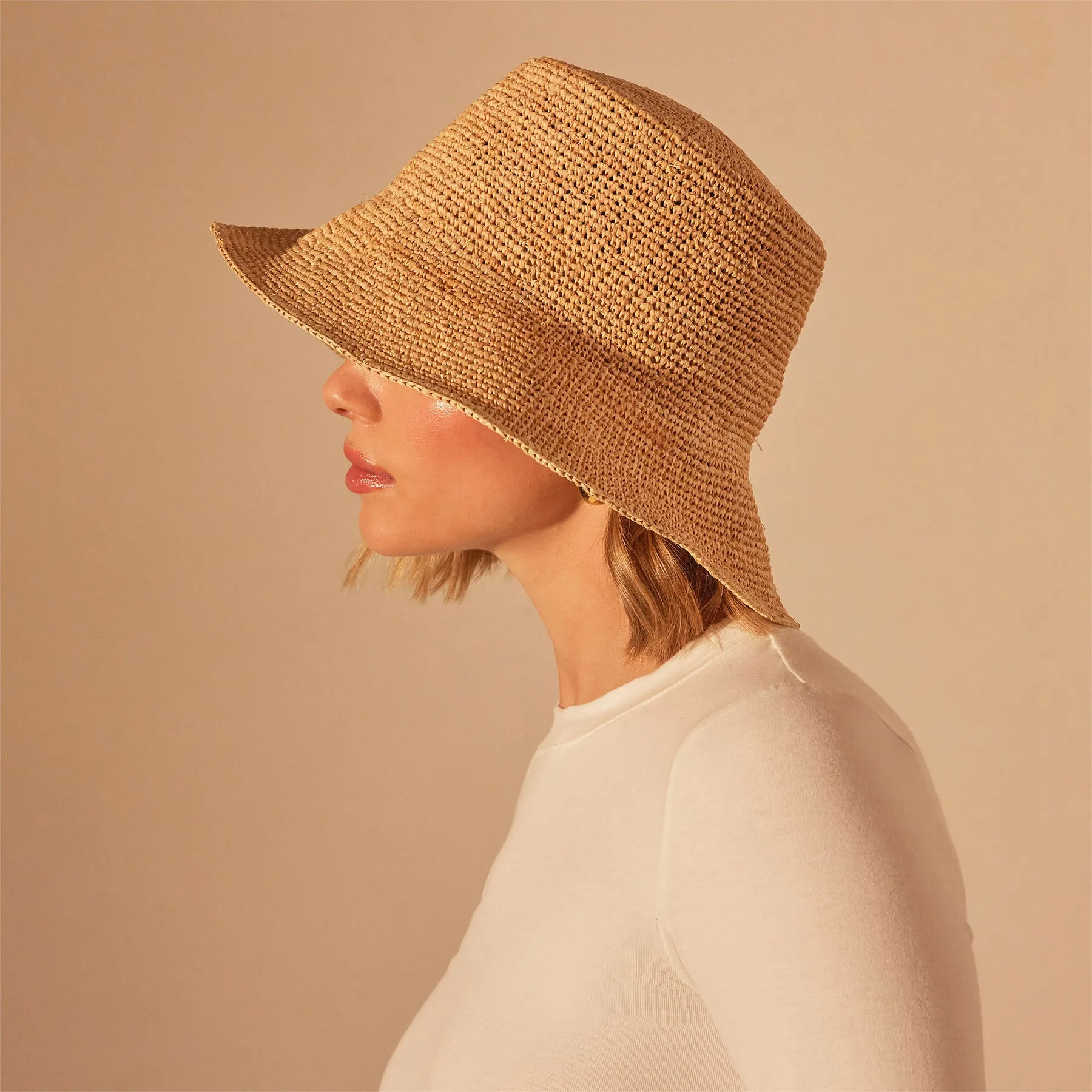 Crochet Bucket Hat - Jute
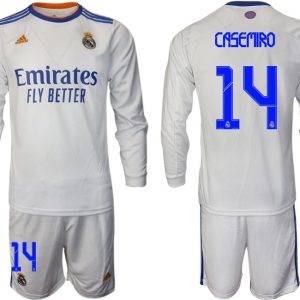 Real Madrid Heimtrikot 2022 weiß Langarm Trikotsatz mit Aufdruck Casemiro 14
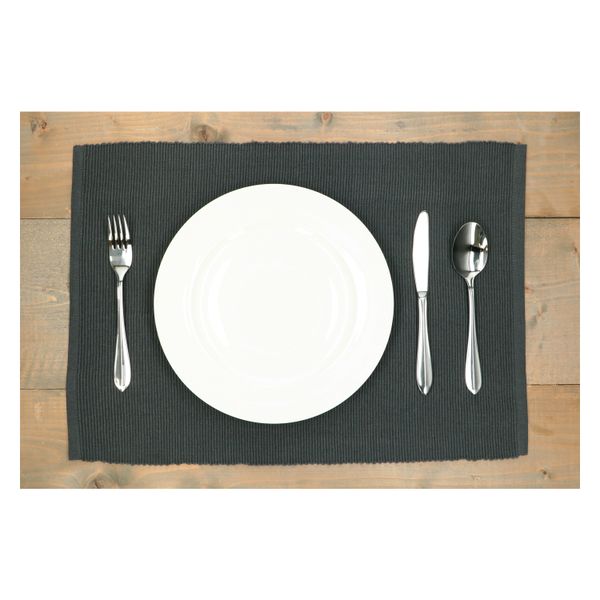 Set de table côtelé, coton bio GOTS, gris foncé, 35 x 50 cm Set de table côtelé, coton bio GOTS, gris foncé, 35 x 50 cm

_ _ _

Your goal —
Please output the data above exactly as given, omitting every picture.

Your solution —
 Crochet Bucket Hat - Jute
 Real Madrid Heimtrikot 2022 weiß Langarm Trikotsatz mit Aufdruck Casemiro 14
 Set de table côtelé, coton bio GOTS, gris foncé, 35 x 50 cm Set de table côtelé, coton bio GOTS, gris foncé, 35 x 50 cm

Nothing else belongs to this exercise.